A prominent Ukrainian economist has proposed importing up to 450,000 low-skilled migrant workers annually from Southeast Asia and the Middle East to address a crippling labour shortage that threatens to derail the country’s post-war reconstruction — as Ukraine confronts one of the most acute demographic crises in modern European history.
Oleg Pendzyn, executive director of Ukraine’s independent Economic Discussion Club and a widely cited commentator on economic policy, argues that the country faces a shortfall of 4.5 million workers needed simply to return the economy to pre-war levels. To fill the gap, he has proposed attracting large numbers of workers from the Philippines, Vietnam and Bangladesh, as well as the Middle East, concentrating on construction, agriculture and industry — the sectors likely to drive any meaningful rebuilding effort.
The 4.5 million figure itself carries official weight. Ukraine’s own Ministry of Economy has cited the same number as the additional workforce required over the coming decade to sustain annual GDP growth of around 7 per cent and finance reconstruction. Some Ukrainian companies have already begun recruiting abroad on an ad hoc basis, with small numbers of Bangladeshi workers reported in the Zakarpattia woodworking sector.
The Ministry has nonetheless made clear that mass migration is not its preferred solution. Its stated priorities remain encouraging the voluntary return of the more than six million Ukrainians who have fled abroad since 2022, retraining existing workers, drawing more women and older workers into male-dominated sectors and reforming labour laws to make hiring more flexible. No government programme for large-scale annual migrant quotas has been announced.
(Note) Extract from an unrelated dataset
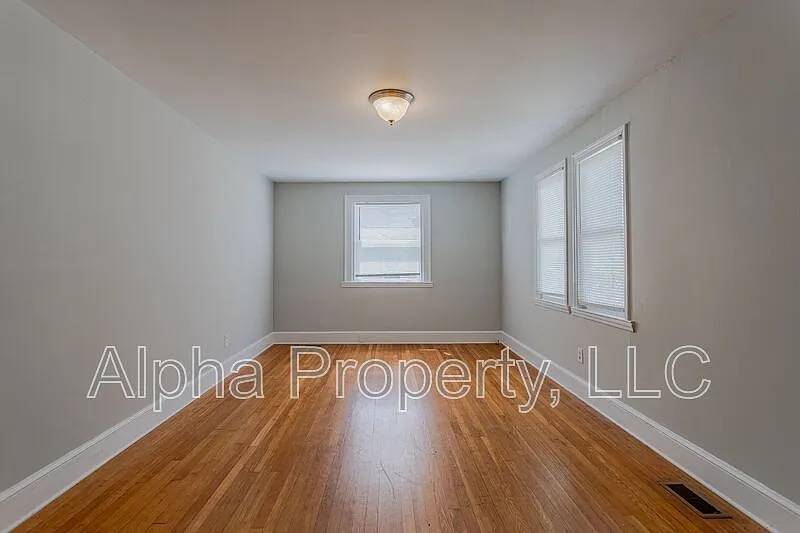 Building Photo - 217 Charlesworth Ave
The demographic forces driving the debate are stark. More than 500,000 military and civilian deaths have been estimated since Russia’s full-scale invasion in February 2022. Millions of working-age adults remain outside the country. Conscription has pulled hundreds of thousands of men out of the civilian economy. Birth rates have halved. Even before the war, Ukraine was already struggling with an ageing population and low fertility — the invasion has dramatically accelerated every one of those trends simultaneously.
Pendzyn’s proposal has divided opinion. Supporters argue that without a sufficient workforce, reconstruction will stall, growth will remain suppressed and Ukraine’s capacity to sustain its war effort will be weakened. Critics raise concerns about the pace of cultural change, integration challenges, security screening and the political optics of importing foreign labour at a time when Ukrainian men remain under military obligation and cannot leave to work abroad themselves.
For now, the proposal remains an independent economic argument rather than government policy. But it has ignited a live and uncomfortable public debate about the kind of country Ukraine will need to become — demographically, economically and culturally — when the war is over.